In this webcast, participants will explore strategies and techniques for teaching people the literacy skills they need to combat fake news. First, participants will examine factors, both historic and new, that contribute to the proliferation of fake news. Participants will also explore connections between information and news literacy skills. Participants will then discover ways to apply more traditional research and information literacy skills, such as source evaluation skills, to addressing fake news, and will gain ideas for new, interactive ways to help students handle fake news and misinformation. This webcast will incorporate time for interactive discussion, online polls, reflection, brainstorming, and sharing ideas. Likewise, participants will leave with concrete strategies, materials, and talking points that they can use in their teaching and outreach efforts.
- Identify factors, both historic and current, that contribute to fake news and misinformation
- Discover and examine the connections between information and news literacy skills and competencies
- Apply news literacy skills and competencies to the ACRL Framework for Information Literacy
- Develop interactive lessons that enhance students’ information and news literacy skills and empower students’ to navigate and evaluate misinformation
- Construct strategies for outreach and collaboration on news literacy initiatives and projects
Who Should Attend
Instruction librarians, information literacy, individuals interested in the ACRL Framework for Information Literacy
Sarah Morris is a librarian and educator with a decade of experience working in libraries, museums, K-12 schools, and higher education environments. Sarah currently works as a Learning and Assessment Librarian at the University of Texas at Austin. She is also the co-founder and co-director of Nucleus Learning Network, an educational nonprofit dedicated to providing training and consulting opportunities for Austin area educators hoping to grow their skills in STEM and digital literacy education.
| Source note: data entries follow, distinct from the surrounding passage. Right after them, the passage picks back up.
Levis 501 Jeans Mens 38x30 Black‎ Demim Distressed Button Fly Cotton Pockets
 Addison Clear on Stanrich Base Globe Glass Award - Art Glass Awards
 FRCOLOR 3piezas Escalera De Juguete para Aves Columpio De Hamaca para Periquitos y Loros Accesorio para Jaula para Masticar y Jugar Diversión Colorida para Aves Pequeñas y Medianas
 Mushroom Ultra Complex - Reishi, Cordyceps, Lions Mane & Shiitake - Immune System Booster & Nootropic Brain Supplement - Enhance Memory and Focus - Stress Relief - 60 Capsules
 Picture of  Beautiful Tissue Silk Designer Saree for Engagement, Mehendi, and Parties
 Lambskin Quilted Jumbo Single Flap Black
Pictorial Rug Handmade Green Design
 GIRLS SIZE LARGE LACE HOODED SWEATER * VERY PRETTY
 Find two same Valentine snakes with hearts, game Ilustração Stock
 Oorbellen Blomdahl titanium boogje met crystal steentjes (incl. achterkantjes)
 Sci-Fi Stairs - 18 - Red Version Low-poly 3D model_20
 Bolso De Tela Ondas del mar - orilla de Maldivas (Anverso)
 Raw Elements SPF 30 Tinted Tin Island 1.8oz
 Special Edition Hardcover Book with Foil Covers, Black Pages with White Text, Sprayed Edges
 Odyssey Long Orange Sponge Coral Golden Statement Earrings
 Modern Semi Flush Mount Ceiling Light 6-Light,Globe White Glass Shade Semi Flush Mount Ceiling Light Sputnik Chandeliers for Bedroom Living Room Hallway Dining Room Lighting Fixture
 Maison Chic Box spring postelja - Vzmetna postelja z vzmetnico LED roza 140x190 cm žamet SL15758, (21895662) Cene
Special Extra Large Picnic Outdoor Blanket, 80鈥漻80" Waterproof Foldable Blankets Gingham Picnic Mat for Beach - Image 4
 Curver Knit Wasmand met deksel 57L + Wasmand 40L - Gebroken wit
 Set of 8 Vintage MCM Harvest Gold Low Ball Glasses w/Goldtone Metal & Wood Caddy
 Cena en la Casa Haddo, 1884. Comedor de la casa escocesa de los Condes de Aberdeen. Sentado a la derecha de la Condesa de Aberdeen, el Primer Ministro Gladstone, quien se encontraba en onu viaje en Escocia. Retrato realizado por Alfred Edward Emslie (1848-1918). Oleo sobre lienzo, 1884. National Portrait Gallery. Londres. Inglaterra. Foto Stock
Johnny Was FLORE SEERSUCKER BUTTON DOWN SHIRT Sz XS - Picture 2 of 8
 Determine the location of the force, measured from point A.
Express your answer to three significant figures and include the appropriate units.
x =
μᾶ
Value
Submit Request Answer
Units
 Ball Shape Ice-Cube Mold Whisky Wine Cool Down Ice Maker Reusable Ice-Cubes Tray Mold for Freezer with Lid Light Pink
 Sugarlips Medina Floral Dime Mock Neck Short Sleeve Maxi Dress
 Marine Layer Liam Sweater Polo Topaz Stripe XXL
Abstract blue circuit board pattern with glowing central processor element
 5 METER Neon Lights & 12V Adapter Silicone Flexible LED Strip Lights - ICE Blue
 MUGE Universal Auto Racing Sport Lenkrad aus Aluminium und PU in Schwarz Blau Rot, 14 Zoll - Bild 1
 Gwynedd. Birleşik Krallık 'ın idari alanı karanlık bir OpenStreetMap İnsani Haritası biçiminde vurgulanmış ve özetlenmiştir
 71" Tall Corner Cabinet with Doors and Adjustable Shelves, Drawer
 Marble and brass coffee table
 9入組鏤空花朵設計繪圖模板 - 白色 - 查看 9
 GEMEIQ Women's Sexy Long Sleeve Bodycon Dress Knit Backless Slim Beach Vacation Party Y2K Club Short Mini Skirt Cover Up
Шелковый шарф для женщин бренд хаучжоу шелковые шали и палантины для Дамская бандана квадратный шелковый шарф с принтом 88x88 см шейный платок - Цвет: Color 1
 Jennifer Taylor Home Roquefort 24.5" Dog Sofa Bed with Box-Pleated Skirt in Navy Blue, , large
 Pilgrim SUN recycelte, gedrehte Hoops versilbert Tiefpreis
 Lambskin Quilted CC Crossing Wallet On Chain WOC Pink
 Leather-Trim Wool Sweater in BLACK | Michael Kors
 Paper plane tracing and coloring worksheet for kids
Through her nonprofit, she is currently collaborating with Mozilla to develop news literacy curriculum for middle and high school students. Sarah has a Master’s degree in the Humanities from the University of Chicago and a Master’s degree in Information Studies from the University of Texas at Austin. Her interests include high school to college transitions, first-year experience, exploring interdisciplinary approaches to information literacy instruction, teaching with new technologies, and developing training and mentoring opportunities for new teachers.
ACRL member: $50
ALA member: $75
* Webcasts take place in an interactive, online classroom environment with one user/one login. If you select the group rate, one person must register, login, and keyboard during the event. A group registration allows an institution to project the Webcast to participants in the same location.
How to Register
Go to the Online Registration page.
Locate the webcast by the date of the event under the monthly headings.
Select the “Register” link next to the webcast title.
You will need to log in with your ALA ID & password. If you do not have an ALA ID & password, you will be asked to create one in order to register.
Webcasts will be recorded and made available to registrants as an archive, so if you sign up but cannot attend the live event, you will receive the archived webcast recording.
ACRL Webcasts are held in an Adobe Connect virtual classroom. Speakers or a headset for listening to the presentation are required. You may ask questions through text-based chat. Adobe works on both PC and Apple platforms.